PayPal Challenges Indian Court’s Ruling on “Payment System Operator” Status

PayPal is challenging a Delhi High Court ruling that classified it as a “payment system operator” under the Prevention of Money Laundering Act (PMLA), subjecting it to “reporting entity obligations.” The court’s single judge bench had concluded that all elements of transactions on PayPal’s platform fall under the PMLA’s definition of a “payment system.” However, the judge quashed a monetary penalty imposed by the Financial Intelligence Unit-India (FIU-India) for non-compliance with reporting obligations.

What arguments did PayPal put forth in its defense against the classification under the PMLA?

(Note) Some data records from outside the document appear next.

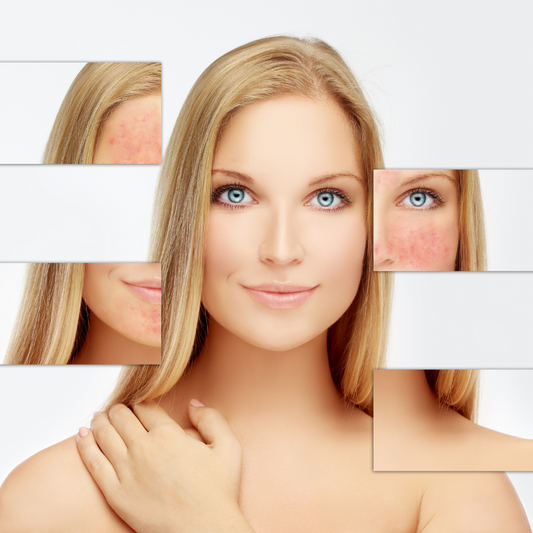 Roza (Gül) Hastalığı Nedir? Gül Hastalığının Tedavisi Var mı? Rozalı Ciltler için Cilt Bakım Önerileri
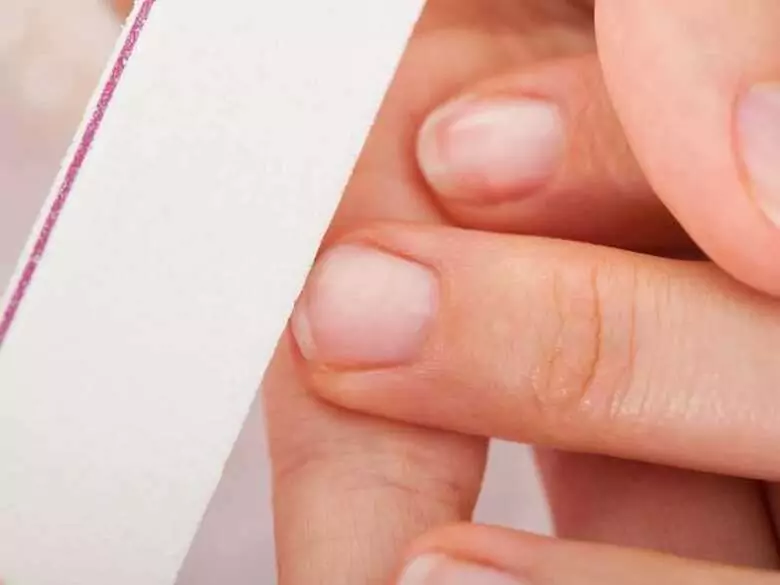 Nail plate changes and ringworm 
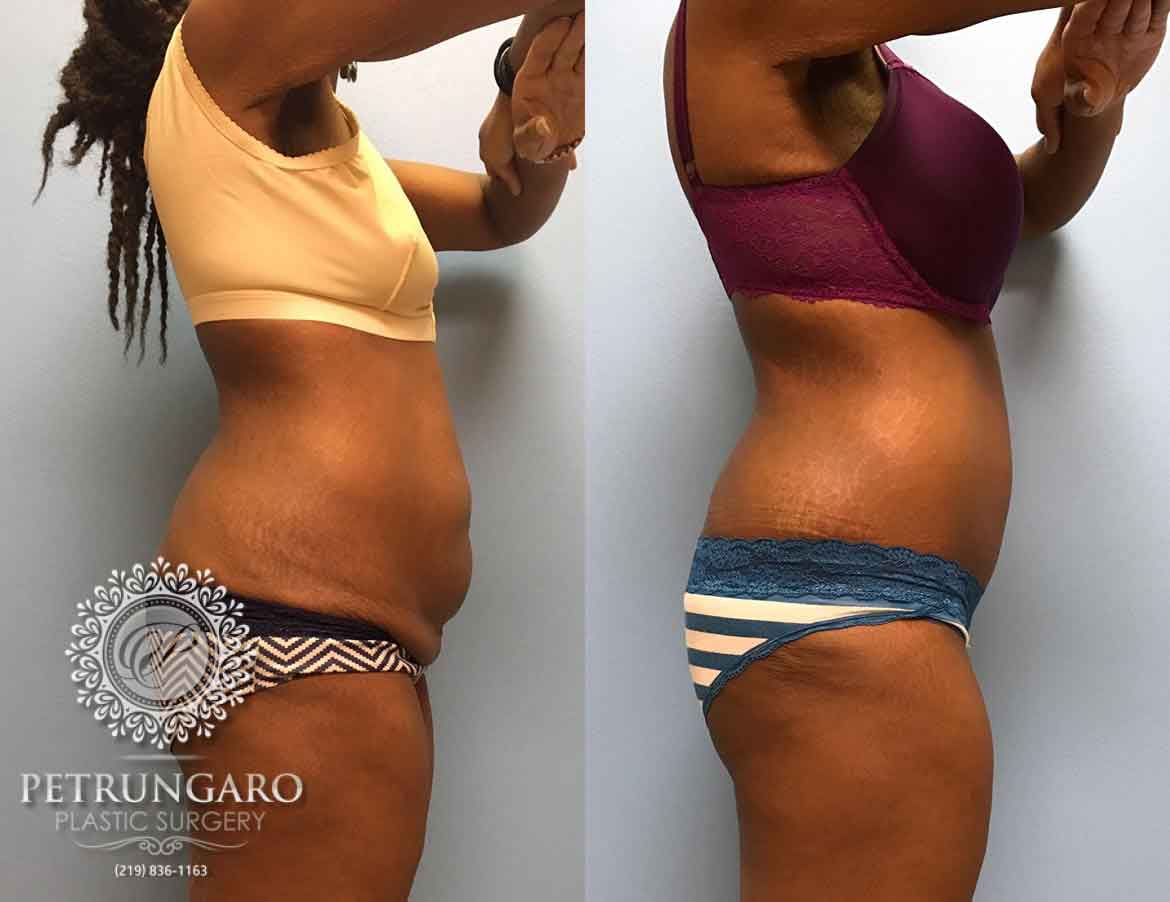 31-year-old-woman-3-months-after-Tummy-Tuck-2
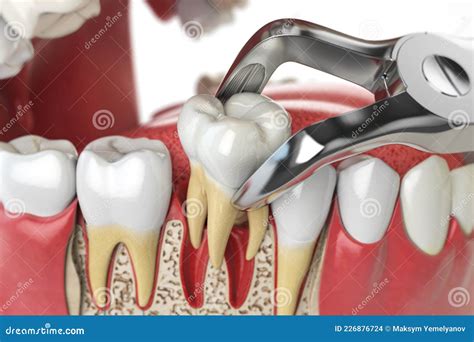 Tooth Extraction By Dental Forceps On Model Of Human Jaw Royalty Free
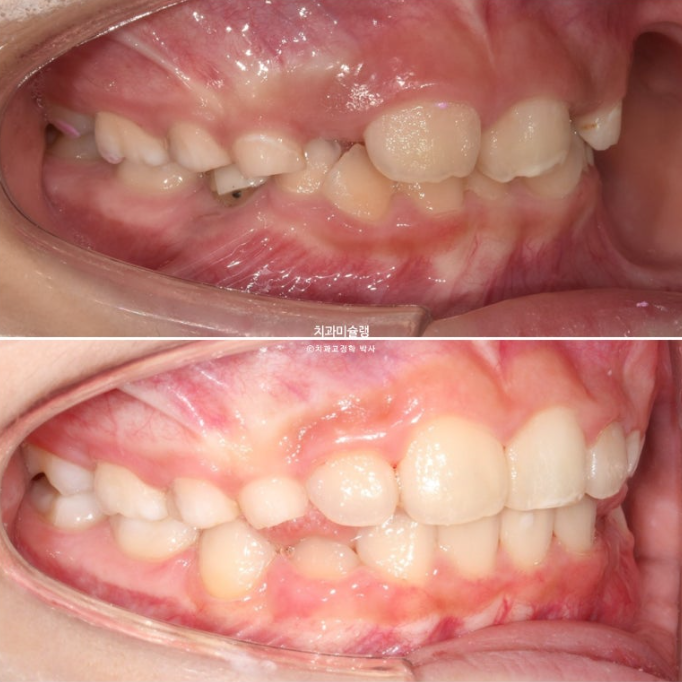 어린이 투명교정 인비절라인 퍼스트 과개교합 교정 후기 관련 이미지 19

PayPal argued that it only provides a technological interface for transactions and does not handle funds directly. It cited the Reserve Bank of India’s stance that it is not a reporting entity under the Payments and Settlement Systems (PSS) Act.

does the definition of “payment system operator” under the PMLA differ from the Payments and Settlement Systems (PSS) Act?

The PMLA has a broader scope in its definition of “payment system operator,” which includes entities that enable and involve the movement of funds between two parties, whereas the PSS Act is more specific to payment aggregators and intermediaries directly handling funds.

What are the reporting entity obligations under the PMLA?

Reporting entities under the PMLA are required to maintain records of transactions, keep them confidential, verify the identity of clients under the Aadhar Act, and maintain information on “enhanced due diligence” for a specified period.

How does PayPal’s business model work with respect to handling funds in transactions?

PayPal explained that it serves as a technological platform facilitating transactions between parties, but it does not directly handle funds. The movement of funds is managed by Authorised Dealer (AD) banks at different stages of the transaction.